I have been in China again, this time as president of the Great Britain-China Centre, flying the flag at the UK-China Leadership Forum. This is an annual event at which representatives of Britain’s political parties exchange views with China’s communist party. The delegation was led by Theresa May’s able number two, David Liddington, and I was the senior Labour man (hope this doesn’t upset its leader, Jeremy Corbyn). A recurrent question of the week was how ‘global Britain’ will come to terms with a world in which China is becoming preeminent.
The May government’s instinct to date has been to turn to the US for greater comfort, security and trade opportunities in the post-Brexit epoch. It is an obvious – Western - choice given that, for the last half century, Britain’s place in the world has been anchored in its European partnership and American alliance. As one falls away, more reliance is placed on the other. The problem (apart from the policies and temperament of the current US president) is that the West’s economic growth and political cohesion are not what they were, and a lot of the world is reorienting itself to China’s growing potency. Obviously Britain will remain innately Western in outlook but it has to recognise that the coming era is going to be very different because of China’s role.
Interestingly, Chinese political leaders are also reflecting on Britain’s direction. They do not want a declining Britain. I think this is because Britain remains an important trading partner and has businesses and assets which China wants to invest in or acquire. There is still some hope in Beijing that Britain can provide a guiding hand to restrain our American cousins. There is also a lingering expectation that Britain will come to its senses and eventually re-join Europe. In the meantime, real politic being what it is, China will not be averse to playing Britain and the EU off against each other. Foreign Office, and No 10, beware.
One area in which Britain might develop its relations with China is Xi Jinping’s much-vaunted ‘silk road’ Belt and Road Initiative. Xi’s reinvigorated number two, Wang Qishan, told the UK delegation when we saw him that this should not be mistaken for America’s post-war Marshall Plan. China wants to achieve three things with the BRI: to provide outlets for its surplus capex; expand its multiple export markets and supply routes; and match the West’s international development assistance programmes.
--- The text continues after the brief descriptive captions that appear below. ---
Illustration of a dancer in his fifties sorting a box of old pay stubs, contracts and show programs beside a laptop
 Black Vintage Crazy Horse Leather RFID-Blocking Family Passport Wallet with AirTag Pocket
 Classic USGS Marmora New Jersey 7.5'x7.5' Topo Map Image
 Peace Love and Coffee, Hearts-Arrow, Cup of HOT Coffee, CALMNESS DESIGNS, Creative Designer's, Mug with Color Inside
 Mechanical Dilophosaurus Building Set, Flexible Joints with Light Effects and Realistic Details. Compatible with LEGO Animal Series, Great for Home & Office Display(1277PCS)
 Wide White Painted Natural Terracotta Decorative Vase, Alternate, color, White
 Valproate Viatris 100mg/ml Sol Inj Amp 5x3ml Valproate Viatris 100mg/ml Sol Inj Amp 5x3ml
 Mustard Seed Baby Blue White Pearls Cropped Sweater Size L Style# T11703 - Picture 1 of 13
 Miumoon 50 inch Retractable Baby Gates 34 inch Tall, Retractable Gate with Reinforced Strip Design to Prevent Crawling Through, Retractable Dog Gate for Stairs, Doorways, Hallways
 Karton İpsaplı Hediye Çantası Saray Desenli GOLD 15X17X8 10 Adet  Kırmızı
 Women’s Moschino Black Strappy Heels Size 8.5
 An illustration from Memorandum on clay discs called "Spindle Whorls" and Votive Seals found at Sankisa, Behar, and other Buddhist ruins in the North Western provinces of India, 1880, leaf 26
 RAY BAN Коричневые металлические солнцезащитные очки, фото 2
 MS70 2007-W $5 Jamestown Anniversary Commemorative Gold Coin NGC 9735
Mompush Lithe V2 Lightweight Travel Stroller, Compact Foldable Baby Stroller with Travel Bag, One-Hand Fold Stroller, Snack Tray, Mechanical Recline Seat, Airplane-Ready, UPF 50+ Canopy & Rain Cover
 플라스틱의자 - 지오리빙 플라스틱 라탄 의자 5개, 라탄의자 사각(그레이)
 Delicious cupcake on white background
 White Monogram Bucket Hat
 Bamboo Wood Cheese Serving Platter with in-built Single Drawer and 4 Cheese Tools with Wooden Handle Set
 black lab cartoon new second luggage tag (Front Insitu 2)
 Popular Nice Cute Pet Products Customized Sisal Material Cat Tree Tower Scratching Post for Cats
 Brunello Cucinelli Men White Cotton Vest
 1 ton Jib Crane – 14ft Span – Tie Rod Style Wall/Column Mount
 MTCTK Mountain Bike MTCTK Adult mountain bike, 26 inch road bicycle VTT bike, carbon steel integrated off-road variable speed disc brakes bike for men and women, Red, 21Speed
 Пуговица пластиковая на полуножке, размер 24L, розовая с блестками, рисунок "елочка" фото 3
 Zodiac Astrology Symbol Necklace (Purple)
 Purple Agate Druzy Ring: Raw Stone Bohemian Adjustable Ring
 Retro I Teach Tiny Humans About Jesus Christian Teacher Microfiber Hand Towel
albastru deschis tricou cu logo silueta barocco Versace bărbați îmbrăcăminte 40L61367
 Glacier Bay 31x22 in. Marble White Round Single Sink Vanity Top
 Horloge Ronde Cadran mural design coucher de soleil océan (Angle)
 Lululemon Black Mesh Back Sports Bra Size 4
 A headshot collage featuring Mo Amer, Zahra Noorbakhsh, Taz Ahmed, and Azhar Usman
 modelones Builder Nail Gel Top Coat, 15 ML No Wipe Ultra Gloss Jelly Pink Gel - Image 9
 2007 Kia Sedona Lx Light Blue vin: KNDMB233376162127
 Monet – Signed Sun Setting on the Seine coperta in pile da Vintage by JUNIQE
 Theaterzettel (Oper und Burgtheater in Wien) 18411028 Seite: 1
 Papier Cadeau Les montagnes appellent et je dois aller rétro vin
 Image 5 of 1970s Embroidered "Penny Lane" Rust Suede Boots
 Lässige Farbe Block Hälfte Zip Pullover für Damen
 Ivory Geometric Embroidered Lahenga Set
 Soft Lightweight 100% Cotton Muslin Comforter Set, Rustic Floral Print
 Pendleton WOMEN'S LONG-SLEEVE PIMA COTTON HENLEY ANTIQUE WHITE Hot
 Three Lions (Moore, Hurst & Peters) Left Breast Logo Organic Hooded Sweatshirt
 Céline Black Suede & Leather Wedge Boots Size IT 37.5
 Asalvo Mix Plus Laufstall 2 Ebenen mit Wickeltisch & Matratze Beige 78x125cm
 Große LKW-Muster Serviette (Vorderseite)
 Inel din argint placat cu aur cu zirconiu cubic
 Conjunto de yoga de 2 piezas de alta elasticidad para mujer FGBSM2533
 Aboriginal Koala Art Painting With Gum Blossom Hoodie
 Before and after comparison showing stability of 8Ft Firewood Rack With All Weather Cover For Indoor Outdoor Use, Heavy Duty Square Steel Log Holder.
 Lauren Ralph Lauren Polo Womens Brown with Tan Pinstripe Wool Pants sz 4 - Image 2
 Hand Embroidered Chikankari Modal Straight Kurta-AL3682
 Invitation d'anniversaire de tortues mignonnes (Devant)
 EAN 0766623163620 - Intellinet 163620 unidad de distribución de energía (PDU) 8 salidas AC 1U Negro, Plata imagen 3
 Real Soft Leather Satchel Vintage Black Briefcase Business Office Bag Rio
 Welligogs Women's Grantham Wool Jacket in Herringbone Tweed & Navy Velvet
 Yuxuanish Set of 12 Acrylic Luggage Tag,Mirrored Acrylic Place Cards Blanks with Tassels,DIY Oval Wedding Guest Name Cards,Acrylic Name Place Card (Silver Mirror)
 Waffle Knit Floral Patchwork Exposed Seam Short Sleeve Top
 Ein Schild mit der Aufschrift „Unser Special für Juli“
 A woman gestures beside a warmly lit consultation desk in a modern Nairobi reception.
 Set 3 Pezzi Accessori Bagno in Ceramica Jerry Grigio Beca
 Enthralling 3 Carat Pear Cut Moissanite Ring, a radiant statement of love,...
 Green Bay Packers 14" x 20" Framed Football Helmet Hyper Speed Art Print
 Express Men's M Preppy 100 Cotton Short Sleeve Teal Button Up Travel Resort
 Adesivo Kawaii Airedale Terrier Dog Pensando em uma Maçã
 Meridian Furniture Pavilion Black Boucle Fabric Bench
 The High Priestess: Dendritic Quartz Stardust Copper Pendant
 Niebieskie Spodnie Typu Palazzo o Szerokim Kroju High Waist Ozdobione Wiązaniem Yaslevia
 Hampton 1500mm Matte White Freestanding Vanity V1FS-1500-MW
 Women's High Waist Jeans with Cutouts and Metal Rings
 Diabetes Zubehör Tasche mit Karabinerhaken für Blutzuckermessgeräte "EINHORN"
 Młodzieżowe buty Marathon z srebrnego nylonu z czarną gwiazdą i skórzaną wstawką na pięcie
The whole concept has become more ambitious than originally envisaged – we are talking about a 50-year journey, not a short term fiscal boost - and China does not have the required core capabilities and networks needed to make it a reality. But the machine is revving up and there will be no holding back when BRI finally starts to leap off the drawing board. EU members like Hungary are already lining up to receive their full share of BRI’s largesse (and who can blame them?).
What’s in it for Britain? We are an advanced service economy not a developing country, so we have plenty of professional and business skills to contribute to BRI’s railway, road, port, energy and other engineering and construction projects. China doesn’t have the financial and other wherewithal, engineers, architects, lawyers and designers to pull off all these on its own. Moreover, the efficacy of these infrastructure investments will ultimately depend on a wider ecosystem – how roads are maintained, how ports and railways are managed, what environmental, social and governance considerations need to be taken into account when delivering huge energy projects – these are areas where Britain, with its long history of international engagement, is well placed to help.
For different reasons, Britain and China both want to go ‘global’. Perhaps they might share the experience.